What is it that makes a person give up their day job of begging for money and start preaching to a crowded train car full of people about jesus, heaven, hell, and being saved. I have tried to actually ask one of these people a question about what they where saying but they seemed to be stuck in a loop and unwilling to pause to answer a simple question. The question was simple "If god is all forgiving and all loving, then why would this god hold a grudge against me for not believing in heaven, hell, and the bible?". Now this is not the whole question. The whole question reads something like this:
"If god loves and forgives everyone including killers, criminals, and thieves then why would this god hold it against me that I do not believe, even though it is in human nature to be sceptical. I mean since god is all knowing he obviously sees the kind of person I would have to "agree" with in order to truly believe in being saved and going to hell if I do not accept christ as my savior. This god would in term be all understanding and obviously see that it is hard for me to believe a seamingly lunatic subway preacher who is almost foaming at the mouth as he spits words of fire and brimstone which are eerily remind me of the revival of the church after the dark ages. It is in people's nature to doubt and to be sinical, and if the preacher keeps telling me that god knows all this than why would god expect me to handle this. And the other fact is if god is so loving why would he begrudge me my beliefs even though I try to live life in a way to benefit and help my fellow man. The fire and brimstone preachers have created an image of god which is contrary to their own story. It is a god who is more concerned about the principle of the fact I don't believe in this religion and is more preoccupied in holding it against me than to actually see that I am more deserving of happiness based on the fact that didn't have to commit violent crimes or wind up in jail just to start doing the "right" thing such as not commiting violent crimes and actually trying to be nice to the people around me. I am simply obiding by my human nature which was in theory set inside me by this same god who is holding it against me, so why would this all knowing, all forgiving god hold such a trivial thing against me and actually banish me an eternity of hell just of of the principle of the thing?"

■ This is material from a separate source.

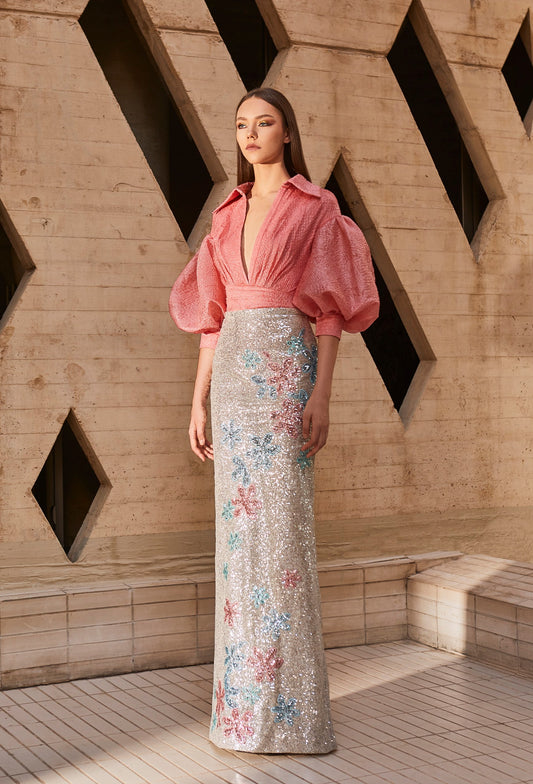 Coral Pink Two Piece Gown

Now that is the complete question that I wanted to pose to the subway preachers and each time the question is avoided. Now, I am not a stupid person and I completely realize that the subway preacher is nothing more than a person that cannot find anything to justify their existence, people who need a strong belief system in order to get through the day, or people who have nothing except the belief that they are actually doing something productive because without this believe they would simply have to admit they are for lack of a better word not contributing anything to society. I DO realize that the these people are NOT the foremost authority or for that matter any type of authority on religion. There are people who have devoted their lives to studying religion either as a matter of faith or a matter of enlightment. I do not dare state that I think their efforts and knowledge are worthless. Nor do I have anything against actual priests, reverends, and preachers. I believe that church can teach important lessons about kindness, cooperation, and love through faith. I also believe that religion can be a great tool to give people hope which in itself can be life saving. But I am opposed to using scare tactics in order to make people believe something and to gain authority over people based of instilled faith due to fear.